Пушкинский быт, воспроизведенный Дружниковым, ужасает неустроенностью. Большинство фактов известны по воспоминаниям современников, а также из писем самого Пушкина, но в книге Дружникова, как полагается в документированной биографии, житейские подробности в большинстве случаев проверены, собраны, дополнены и складываются в картину беспорядка, нужды и непрестанной тревоги о завтрашнем дне. «Я могу творить», – пишет Пушкин Вяземскому, создавая «Бориса Годунова», и наше воображение рисует… Мое воображение неспособно нарисовать убогость обстановки и повседневной неразберихи, в условиях которой творил поэт, создавая свою драматическую поэму, которую назвал трагедией: одно из самых сознательных пушкинских созданий, как определили старые пушкинисты, то есть воплощение тщательно обдуманного замысла, все от начала до конца уравновешено. Но пушкинское признание «силы мои достигли развития, я могу творить» стало меня настораживать с тех пор, как стал я интересоваться пушкинскими самооценками, не совпадающими с нашим отношением к тем же его творениям. Зрелость в развитии – коварный момент, итог и начало, итог созревания, начало спуска с вершины.

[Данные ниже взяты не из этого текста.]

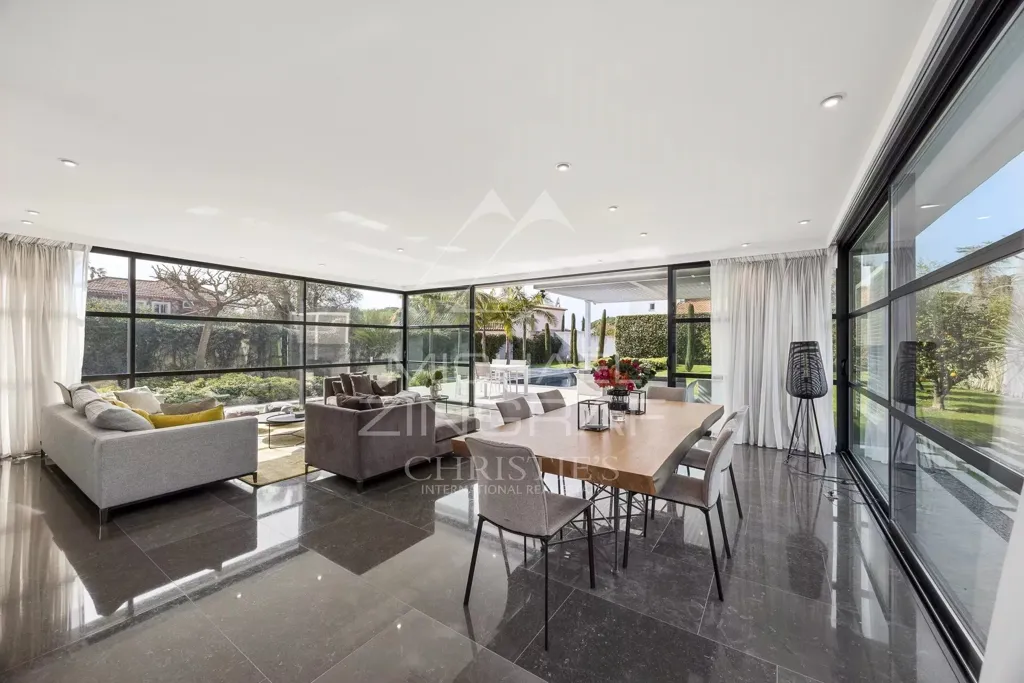 Séjour - Villa Contemporaine avec Piscine à Cap d'Antibes Ouest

Пушкин, согласно воспоминаниям, бывало, вёл себя оскорбительно с людьми, которые того не заслуживали, но, по свидетельству Соболевского, поэт успокаивался, испытывая чувство умиротворения, не был раздражителен, когда творил. Это и есть иначе, инобытие гения. Если талант творит, он, мне кажется, становится хорошим человеком, а если пытается творить при исчерпанности таланта, превращается в чудовище.

В каких же пределах проявляется отвратительность: с утра до вечера и каждый день? «За всю жизнь вдохновения наберется, может быть, на пятнадцать минут», – самокритически подсчитал Федор Гладков, небольшой, но – профессиональный прозаик. Значит, хорошим был пятнадцать минут, в остальное время – лучше не подходи. Действительно, почитайте, какими письмами донимал он Горького.

Творческий человек, по моим биографическим наблюдениям, становится мерзавцем, когда чувствует, что дарование его исчерпано. Отказать вдохновение может временно при «писательском блоке» – это бывает приступами, периодами, бывает и состояние уже безвыходное, тогда писатель превращается в «осеннюю муху», кусает кого попало, вымещая чувство исчерпанности. Кто ищет смерти, кто делает гадости, а у нас и доносы писали. Кто оставались отвратительны всю жизнь, были неталантливы, но за счёт непосредственного окружения им удавалось организовать себе славу, поклонники падки принимать участие в творчестве, на них в общем улье капля меда приходится, сказано в чеховском рассказе. Сколько отвратительных людей не попало бы в композиторы («великие композиторы»), если бы музыкальность считалась признаком музыки! Но поклонники с неистовством сектантов твердят о гениальности и создают славу бездарности.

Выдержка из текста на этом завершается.